The Doctor Of Afternoon Arm
by
It was March weather. There was sunshine and thaw. Anxious Bight was caught over with rotten ice from Ragged Run Harbor to the heads of Afternoon Arm. A rumor of seals on the Arctic drift ice off shore had come in from the Spotted Horses. It inspired instant haste in all the cottages of Ragged Run–an eager, stumbling haste. In Bad-Weather Tom West’s kitchen, somewhat after ten o’clock in the morning, in the midst of this hilarious scramble to be off to the floe, there was a flash and spit of fire, and the clap of an explosion, and the clatter of a sealing-gun on the bare floor; and in the breathless, dead little interval between the appalling detonation and a man’s groan of dismay followed by a woman’s choke and scream of terror, Dolly West, Bad-Weather Tom’s small maid, stood swaying, wreathed in gray smoke, her little hands pressed tight to her eyes.
She was–or rather had been–a pretty little creature. There had been yellow curls–in the Newfoundland way–and rosy cheeks and grave blue eyes; but now of all this shy, fair loveliness—-
“You’ve killed her!”
“No–no!”
Dolly dropped her hands. She reached out, then, for something to grasp. And she plainted: “I ithn’t dead, mother. I juth–I juth can’t thee.” She extended her hands. They were discolored, and there was a slow, red drip. “They’re all wet!” she complained.
By this time the mother had the little girl gathered close in her arms. She moaned: “The doctor!”
Terry West caught up his cap and mittens and sprang to the door.
“Not by the Bight!” Bad-Weather shouted.
“No, sir.”
Dolly West whimpered: “It thmart-th, mother!”
“By Mad Harry an’ Thank-the-Lord!”
“Ay, sir.”
Dolly screamed–now: “It hurt-th! Oh, oh, it hurt-th!”
“An’ haste, lad!”
“Ay, sir.”
There was no doctor in Ragged Run Harbor; there was a doctor at Afternoon Arm, however–across Anxious Bight. Terry West avoided the rotten ice of the Bight and took the ‘longshore trail by way of Mad Harry and Thank-the-Lord. At noon he was past Mad Harry, his little legs wearing well and his breath coming easily through his expanded nostrils. He had not paused; and at four o’clock–still on a dogtrot–he had hauled down the chimney smoke of Thank-the-Lord and was bearing up for Afternoon Arm.
* * * * *
Early dusk caught him shortcutting the doubtful ice of Thank-the-Lord Cove; and half an hour later, midway of the passage to Afternoon Arm, with two miles left to accomplish–dusk falling thick and cold, then, a frosty wind blowing–Creep Head of the Arm looming black and solid–he dropped through the ice and vanished.

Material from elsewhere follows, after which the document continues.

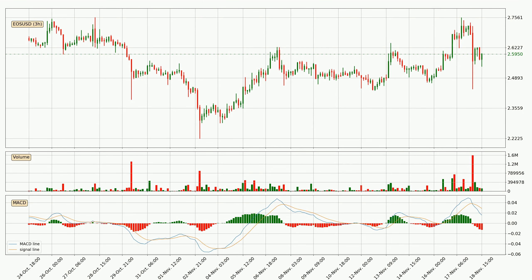Generally, the bigger timeframes have a bigger impact on the price, so please keep that in mind when we show different timeframes showing contrasting indicators. Also, the shorter timeframes are only representative for short-term trading.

Returning from a professional call at Tumble Tickle in clean, sunlit weather, with nothing more tedious than eighteen miles of wilderness trail and rough floe ice behind him, Doctor Rolfe was chagrined to discover himself fagged out. He had come heartily down the trail from Tumble Tickle, but on the ice in the shank of the day–there had been eleven miles of the floe–he had lagged and complained under what was indubitably the weight of his sixty-three years. He was slightly perturbed. He had been fagged out before, to be sure. A man cannot practice medicine out of a Newfoundland outport harbor for thirty-seven years and not know what it means to stomach a physical exhaustion. It was not that. What perturbed Doctor Rolfe was the singular coincidence of a touch of melancholy with the ominous complaint of his lean old legs.
And presently there was a more disquieting revelation. In the drear, frosty dusk, when he rounded Creep Head, opened the lights of Afternoon Arm, and caught the warm, yellow gleam of the lamp in the surgery window, his expectation ran all at once to his supper and his bed. He was hungry–that was true. Sleepy? No; he was not sleepy. Yet he wanted to go to bed. Why? He wanted to go to bed in the way that old men want to go to bed–less to sleep than just to sigh and stretch out and rest. And this anxious wish for bed–just to stretch out and rest–held its definite implication. It was more than symptomatic–it was shocking.